▶ **PROBLEM STATEMENT**
Return every record below exactly as given.

*** MATERIAL SUPPLIED Section Begins ***

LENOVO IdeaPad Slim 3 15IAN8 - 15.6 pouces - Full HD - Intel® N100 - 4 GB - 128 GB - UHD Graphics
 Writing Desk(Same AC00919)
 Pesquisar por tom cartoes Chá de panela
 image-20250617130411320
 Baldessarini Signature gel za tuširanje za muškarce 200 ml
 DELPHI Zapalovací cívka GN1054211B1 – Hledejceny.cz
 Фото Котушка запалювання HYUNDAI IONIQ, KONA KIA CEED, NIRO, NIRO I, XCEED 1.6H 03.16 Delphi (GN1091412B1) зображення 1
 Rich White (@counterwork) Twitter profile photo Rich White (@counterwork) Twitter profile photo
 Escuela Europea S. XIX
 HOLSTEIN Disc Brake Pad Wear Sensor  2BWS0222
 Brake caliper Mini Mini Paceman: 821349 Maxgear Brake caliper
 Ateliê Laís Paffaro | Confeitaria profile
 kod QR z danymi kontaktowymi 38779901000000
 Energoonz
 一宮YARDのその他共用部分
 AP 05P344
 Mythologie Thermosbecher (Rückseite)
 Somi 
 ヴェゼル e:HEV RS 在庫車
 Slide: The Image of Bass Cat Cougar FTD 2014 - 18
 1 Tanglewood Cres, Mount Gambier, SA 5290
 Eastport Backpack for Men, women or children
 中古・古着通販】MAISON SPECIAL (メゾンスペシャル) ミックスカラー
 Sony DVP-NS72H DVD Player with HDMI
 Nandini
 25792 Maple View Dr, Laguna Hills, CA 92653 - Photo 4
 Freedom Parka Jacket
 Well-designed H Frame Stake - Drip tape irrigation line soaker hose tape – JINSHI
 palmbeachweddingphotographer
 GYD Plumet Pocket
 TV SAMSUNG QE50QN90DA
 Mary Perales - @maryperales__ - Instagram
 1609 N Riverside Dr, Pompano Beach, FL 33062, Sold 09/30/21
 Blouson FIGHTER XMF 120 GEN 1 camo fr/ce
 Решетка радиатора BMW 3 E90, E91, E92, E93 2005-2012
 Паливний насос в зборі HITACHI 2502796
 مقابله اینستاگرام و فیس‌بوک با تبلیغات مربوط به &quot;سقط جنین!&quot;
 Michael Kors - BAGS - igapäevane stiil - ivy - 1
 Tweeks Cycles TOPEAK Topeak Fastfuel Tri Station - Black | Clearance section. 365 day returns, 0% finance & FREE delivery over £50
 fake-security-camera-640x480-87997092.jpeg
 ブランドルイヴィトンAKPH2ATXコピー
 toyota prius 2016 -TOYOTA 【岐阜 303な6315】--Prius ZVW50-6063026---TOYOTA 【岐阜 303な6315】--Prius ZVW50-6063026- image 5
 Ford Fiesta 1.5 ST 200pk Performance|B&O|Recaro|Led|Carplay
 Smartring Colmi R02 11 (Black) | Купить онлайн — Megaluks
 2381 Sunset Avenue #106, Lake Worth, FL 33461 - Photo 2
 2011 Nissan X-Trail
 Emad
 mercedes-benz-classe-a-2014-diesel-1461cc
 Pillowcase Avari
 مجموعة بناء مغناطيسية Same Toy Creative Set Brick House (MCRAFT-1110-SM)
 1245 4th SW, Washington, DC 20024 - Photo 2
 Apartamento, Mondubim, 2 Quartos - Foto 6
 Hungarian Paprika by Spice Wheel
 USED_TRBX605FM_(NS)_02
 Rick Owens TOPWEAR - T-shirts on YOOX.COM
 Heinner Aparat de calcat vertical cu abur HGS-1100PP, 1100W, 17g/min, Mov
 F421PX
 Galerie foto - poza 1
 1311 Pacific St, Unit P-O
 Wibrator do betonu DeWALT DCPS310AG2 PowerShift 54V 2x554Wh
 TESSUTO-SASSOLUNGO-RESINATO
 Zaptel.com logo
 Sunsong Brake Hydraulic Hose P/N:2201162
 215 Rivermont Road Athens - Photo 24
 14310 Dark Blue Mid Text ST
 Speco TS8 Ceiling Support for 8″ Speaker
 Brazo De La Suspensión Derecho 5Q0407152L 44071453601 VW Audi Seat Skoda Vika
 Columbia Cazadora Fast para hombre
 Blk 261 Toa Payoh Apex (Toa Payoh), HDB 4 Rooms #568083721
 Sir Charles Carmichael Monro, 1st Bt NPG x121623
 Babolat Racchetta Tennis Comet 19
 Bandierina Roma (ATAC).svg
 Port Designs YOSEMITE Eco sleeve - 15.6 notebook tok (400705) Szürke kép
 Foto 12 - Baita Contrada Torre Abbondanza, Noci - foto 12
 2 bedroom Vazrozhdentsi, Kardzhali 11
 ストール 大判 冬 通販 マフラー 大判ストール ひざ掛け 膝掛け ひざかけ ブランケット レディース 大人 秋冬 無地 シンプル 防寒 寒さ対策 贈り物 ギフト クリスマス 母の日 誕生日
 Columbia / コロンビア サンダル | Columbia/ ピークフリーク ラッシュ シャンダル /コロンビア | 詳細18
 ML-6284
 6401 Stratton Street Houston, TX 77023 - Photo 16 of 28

*** MATERIAL SUPPLIED Section Ends ***

▶ **SOLUTION FOR THIS PROBLEM**
LENOVO IdeaPad Slim 3 15IAN8 - 15.6 pouces - Full HD - Intel® N100 - 4 GB - 128 GB - UHD Graphics
 Writing Desk(Same AC00919)
 Pesquisar por tom cartoes Chá de panela
 image-20250617130411320
 Baldessarini Signature gel za tuširanje za muškarce 200 ml
 DELPHI Zapalovací cívka GN1054211B1 – Hledejceny.cz
 Фото Котушка запалювання HYUNDAI IONIQ, KONA KIA CEED, NIRO, NIRO I, XCEED 1.6H 03.16 Delphi (GN1091412B1) зображення 1
 Rich White (@counterwork) Twitter profile photo Rich White (@counterwork) Twitter profile photo
 Escuela Europea S. XIX
 HOLSTEIN Disc Brake Pad Wear Sensor  2BWS0222
 Brake caliper Mini Mini Paceman: 821349 Maxgear Brake caliper
 Ateliê Laís Paffaro | Confeitaria profile
 kod QR z danymi kontaktowymi 38779901000000
 Energoonz
 一宮YARDのその他共用部分
 AP 05P344
 Mythologie Thermosbecher (Rückseite)
 Somi 
 ヴェゼル e:HEV RS 在庫車
 Slide: The Image of Bass Cat Cougar FTD 2014 - 18
 1 Tanglewood Cres, Mount Gambier, SA 5290
 Eastport Backpack for Men, women or children
 中古・古着通販】MAISON SPECIAL (メゾンスペシャル) ミックスカラー
 Sony DVP-NS72H DVD Player with HDMI
 Nandini
 25792 Maple View Dr, Laguna Hills, CA 92653 - Photo 4
 Freedom Parka Jacket
 Well-designed H Frame Stake - Drip tape irrigation line soaker hose tape – JINSHI
 palmbeachweddingphotographer
 GYD Plumet Pocket
 TV SAMSUNG QE50QN90DA
 Mary Perales - @maryperales__ - Instagram
 1609 N Riverside Dr, Pompano Beach, FL 33062, Sold 09/30/21
 Blouson FIGHTER XMF 120 GEN 1 camo fr/ce
 Решетка радиатора BMW 3 E90, E91, E92, E93 2005-2012
 Паливний насос в зборі HITACHI 2502796
 مقابله اینستاگرام و فیس‌بوک با تبلیغات مربوط به &quot;سقط جنین!&quot;
 Michael Kors - BAGS - igapäevane stiil - ivy - 1
 Tweeks Cycles TOPEAK Topeak Fastfuel Tri Station - Black | Clearance section. 365 day returns, 0% finance & FREE delivery over £50
 fake-security-camera-640x480-87997092.jpeg
 ブランドルイヴィトンAKPH2ATXコピー
 toyota prius 2016 -TOYOTA 【岐阜 303な6315】--Prius ZVW50-6063026---TOYOTA 【岐阜 303な6315】--Prius ZVW50-6063026- image 5
 Ford Fiesta 1.5 ST 200pk Performance|B&O|Recaro|Led|Carplay
 Smartring Colmi R02 11 (Black) | Купить онлайн — Megaluks
 2381 Sunset Avenue #106, Lake Worth, FL 33461 - Photo 2
 2011 Nissan X-Trail
 Emad
 mercedes-benz-classe-a-2014-diesel-1461cc
 Pillowcase Avari
 مجموعة بناء مغناطيسية Same Toy Creative Set Brick House (MCRAFT-1110-SM)
 1245 4th SW, Washington, DC 20024 - Photo 2
 Apartamento, Mondubim, 2 Quartos - Foto 6
 Hungarian Paprika by Spice Wheel
 USED_TRBX605FM_(NS)_02
 Rick Owens TOPWEAR - T-shirts on YOOX.COM
 Heinner Aparat de calcat vertical cu abur HGS-1100PP, 1100W, 17g/min, Mov
 F421PX
 Galerie foto - poza 1
 1311 Pacific St, Unit P-O
 Wibrator do betonu DeWALT DCPS310AG2 PowerShift 54V 2x554Wh
 TESSUTO-SASSOLUNGO-RESINATO
 Zaptel.com logo
 Sunsong Brake Hydraulic Hose P/N:2201162
 215 Rivermont Road Athens - Photo 24
 14310 Dark Blue Mid Text ST
 Speco TS8 Ceiling Support for 8″ Speaker
 Brazo De La Suspensión Derecho 5Q0407152L 44071453601 VW Audi Seat Skoda Vika
 Columbia Cazadora Fast para hombre
 Blk 261 Toa Payoh Apex (Toa Payoh), HDB 4 Rooms #568083721
 Sir Charles Carmichael Monro, 1st Bt NPG x121623
 Babolat Racchetta Tennis Comet 19
 Bandierina Roma (ATAC).svg
 Port Designs YOSEMITE Eco sleeve - 15.6 notebook tok (400705) Szürke kép
 Foto 12 - Baita Contrada Torre Abbondanza, Noci - foto 12
 2 bedroom Vazrozhdentsi, Kardzhali 11
 ストール 大判 冬 通販 マフラー 大判ストール ひざ掛け 膝掛け ひざかけ ブランケット レディース 大人 秋冬 無地 シンプル 防寒 寒さ対策 贈り物 ギフト クリスマス 母の日 誕生日
 Columbia / コロンビア サンダル | Columbia/ ピークフリーク ラッシュ シャンダル /コロンビア | 詳細18
 ML-6284
 6401 Stratton Street Houston, TX 77023 - Photo 16 of 28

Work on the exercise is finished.